What is required -
The expected result is an exact copy of the lines from the one holding "PLAYGRO Igračka za" to the last line of the material, with pictures removed and nothing added.
Information provided Start Marker
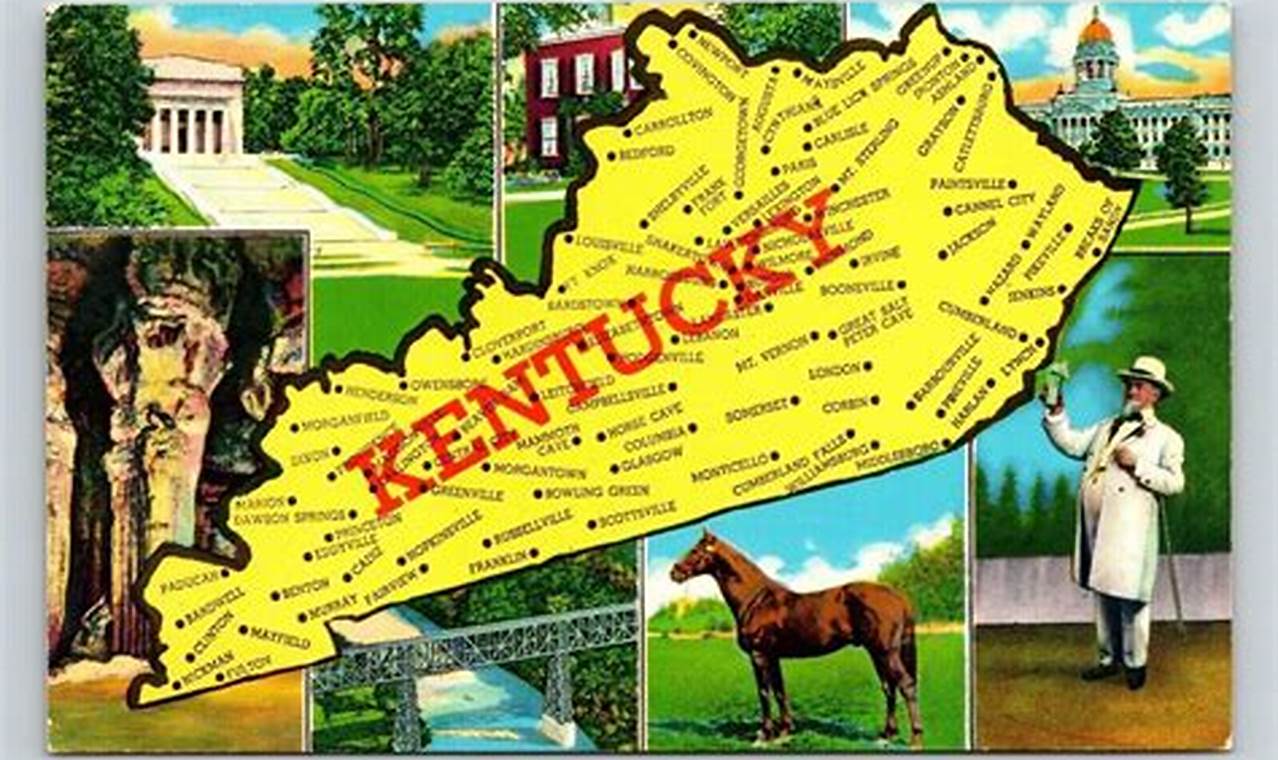 Kentucky Postcard | Old Stamp Collecting Guide: Discover, Value & Preserve Vintage Stamps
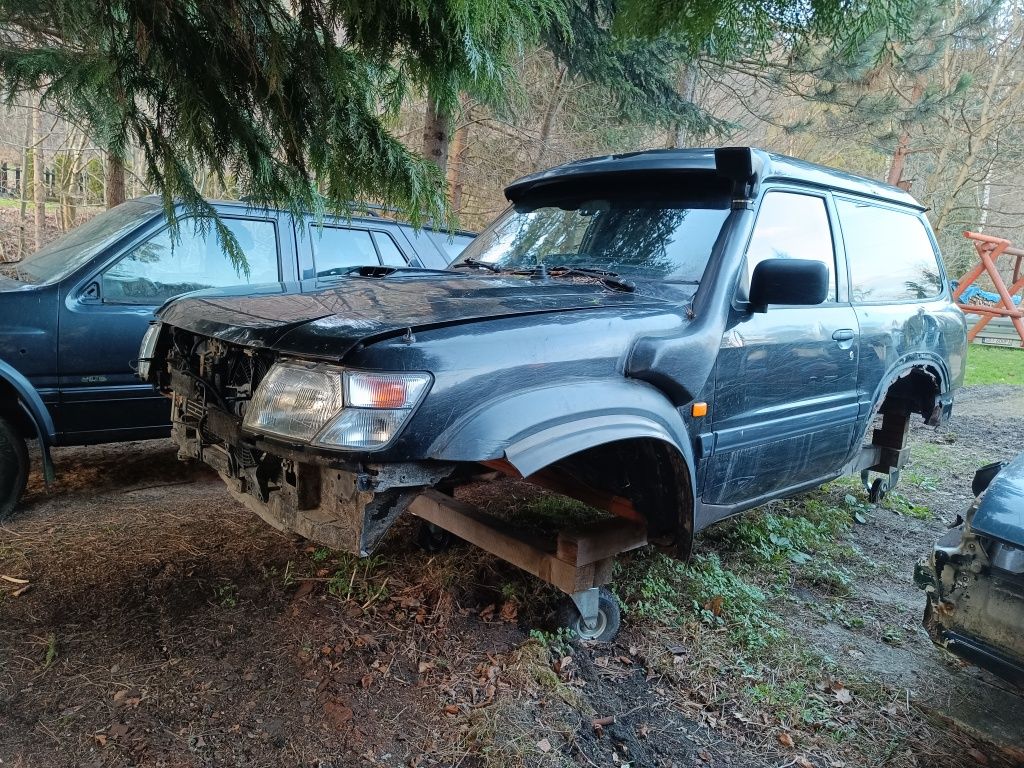 Karoseria, buda nissan patrol y61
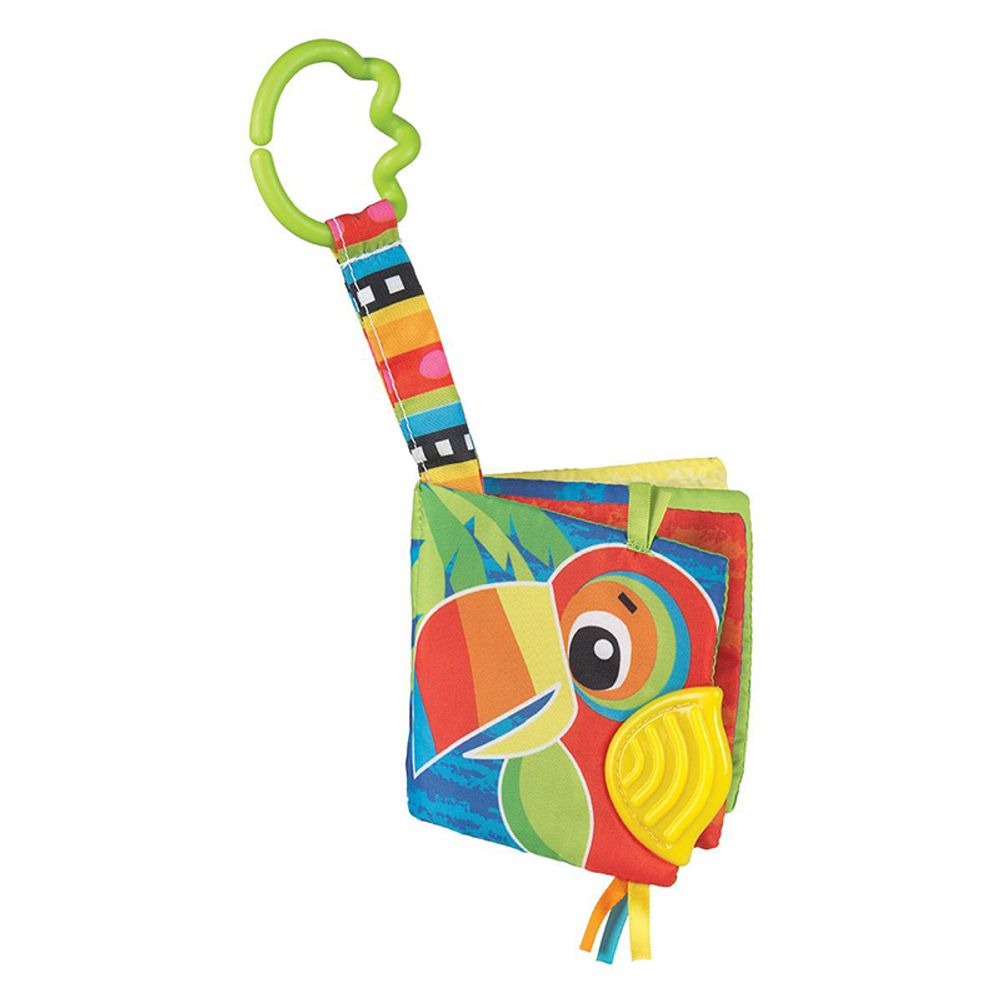 PLAYGRO Igračka za kolica Mekana knjiga slika 1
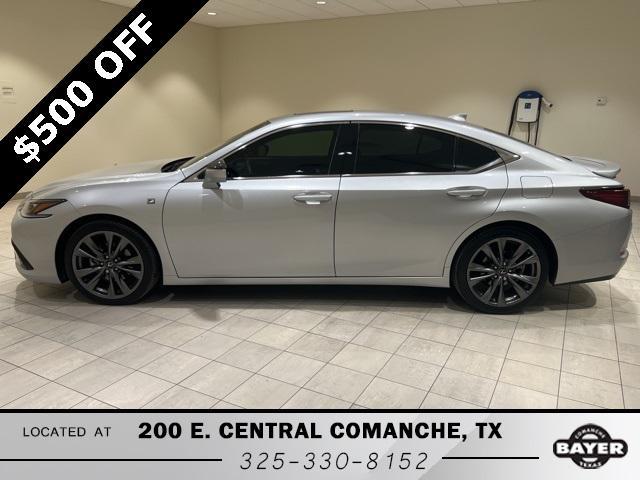 used 2019 Lexus ES 350 car, priced at $24,490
Information provided End Marker
Task solution -
 PLAYGRO Igračka za kolica Mekana knjiga slika 1
 used 2019 Lexus ES 350 car, priced at $24,490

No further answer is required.